Accordingly, and with reference to FIG. 7, a method 700 of assembling a connector assembly 100 may include bonding 701 a brittle printed-circuit-board (PCB) substrate to a base 108; affixing 702 positioning pads on at least two sides of the PCB substrate 103, the positioning pads extending away from the PCB substrate 103 to a standoff distance 111; affixing 703 metallic bumps 115, 119 to the PCB substrate 103, the metallic bumps 115, 119 extending away from the PCB substrate 103 a distance greater than the standoff distance 111; positioning 704 a connector housing 102 on the positioning pads, the connector housing 102 being substantially rigid and supporting an electrical connector 101, the connector housing 102 having a housing conductor 105 that is electrically connected to a connector conductor 104 of the electrical connector 101; and partially compressing 705 the metallic bumps 115, 119 with the connector housing 102, the metallic bumps 115, 119 providing an electrical connection between the PCB substrate 103 and a mounting face 112 of the connector housing 102 or between the PCB substrate 103 and the housing conductor 104.

In a variation of the method 700, bonding the PCB substrate 103 to the base 108 includes applying a soft epoxy 117 between the PCB substrate 103 and the base 108, pressing the PCB substrate 103 into the base 108, squeezing out excess soft epoxy 117 from between the PCB substrate 103 and the base 108, and curing the soft epoxy 117 to bond the PCB substrate 103 to the base 108.

In a variation of the method 700, positioning the connector housing 102 on the positioning pads includes positioning the connector housing 102 on the positioning pads using a thermocompression bonder, such as a thermocompression bonder provided by Finetech.

EXAMPLES

Illustrative examples of the disclosed technologies are provided below. A particular configuration of the technologies may include one or more, and any combination of, the examples described below.
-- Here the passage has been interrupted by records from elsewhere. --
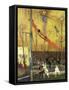 Trapeze Artists-Francis Luis Mora-Framed Stretched Canvas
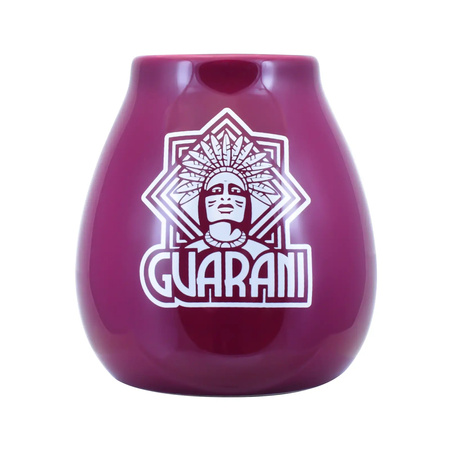 Calebasse en céramique violette avec logo Guarani - 350 ml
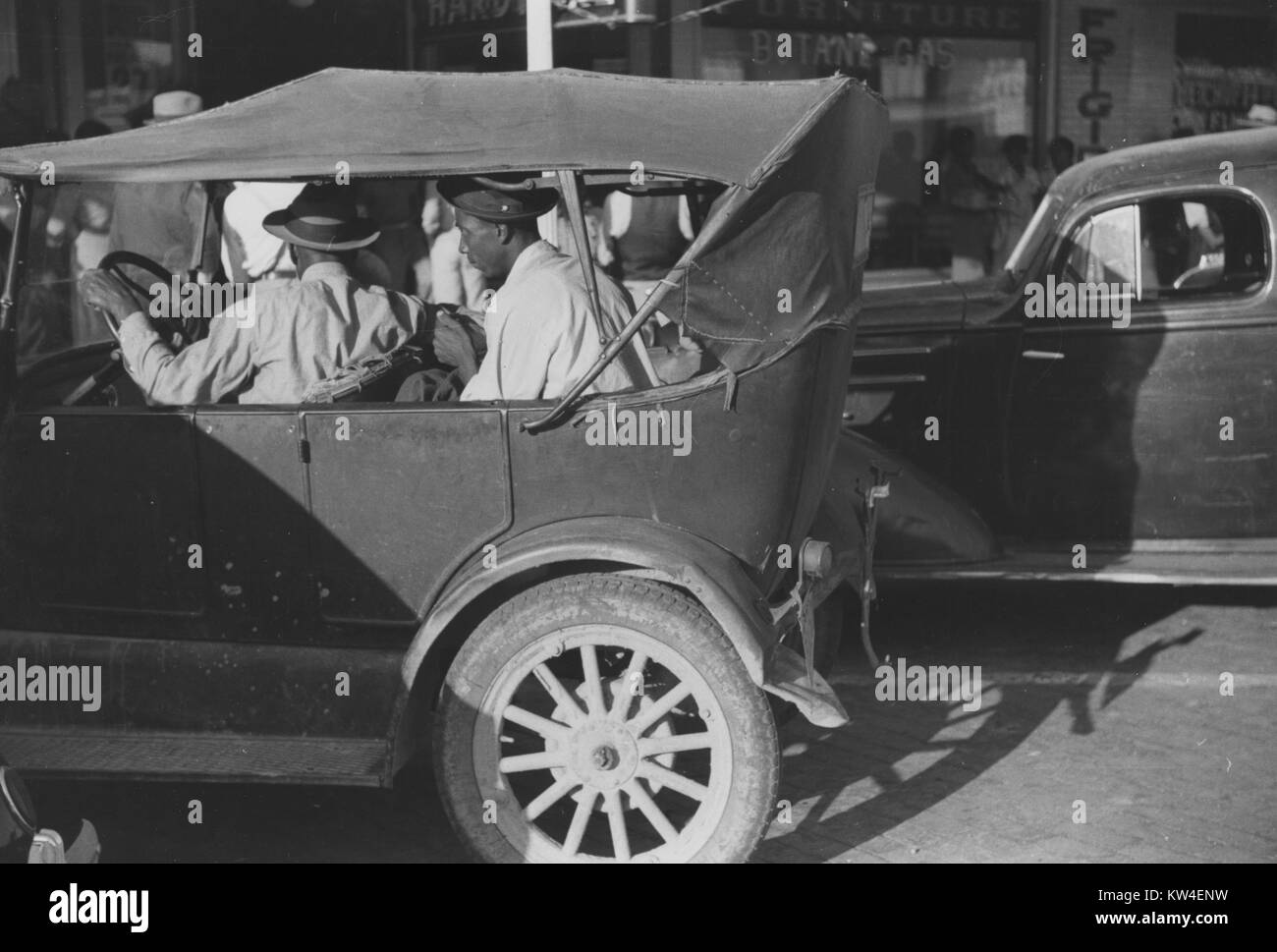 Die Menschen sind nicht an einem Samstag Nachmittag in Lexington, Holmes County, Mississippi, Oktober, 1939. Stockfoto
Example 1 includes a connector assembly comprising: an electrical connector having a connector conductor; a connector housing, the connector housing being substantially rigid and supporting the electrical connector, the connector housing having a housing conductor that is electrically connected to the connector conductor; a printed-circuit-board (PCB) substrate bonded to a base, the PCB substrate being brittle, the housing conductor contacting an electrical signal path on the PCB substrate at an oblique angle; positioning pads extending away from the PCB substrate to a standoff distance, the positioning pads contacting a mounting face of the connector housing and keeping the mounting face of the connector housing away from the PCB substrate at the standoff distance; and metallic bumps extending away from the PCB substrate, the metallic bumps contacting the mounting face of the connector housing, the metallic bumps being malleable and configured to provide an electrical connection between the PCB substrate and the mounting face of the connector housing.

Example 2 includes the connector assembly of Example 1, in which the electrical connector is a radio-frequency (RF) connector.

Example 3 includes the connector assembly of Example 2, in which the RF connector is a direct current (DC)-to-110 GHz connector.

Example 4 includes the connector assembly of any of Examples 1-3, in which the electrical signal path of the PCB substrate electrically connects the housing conductor to an application-specific integrated circuit.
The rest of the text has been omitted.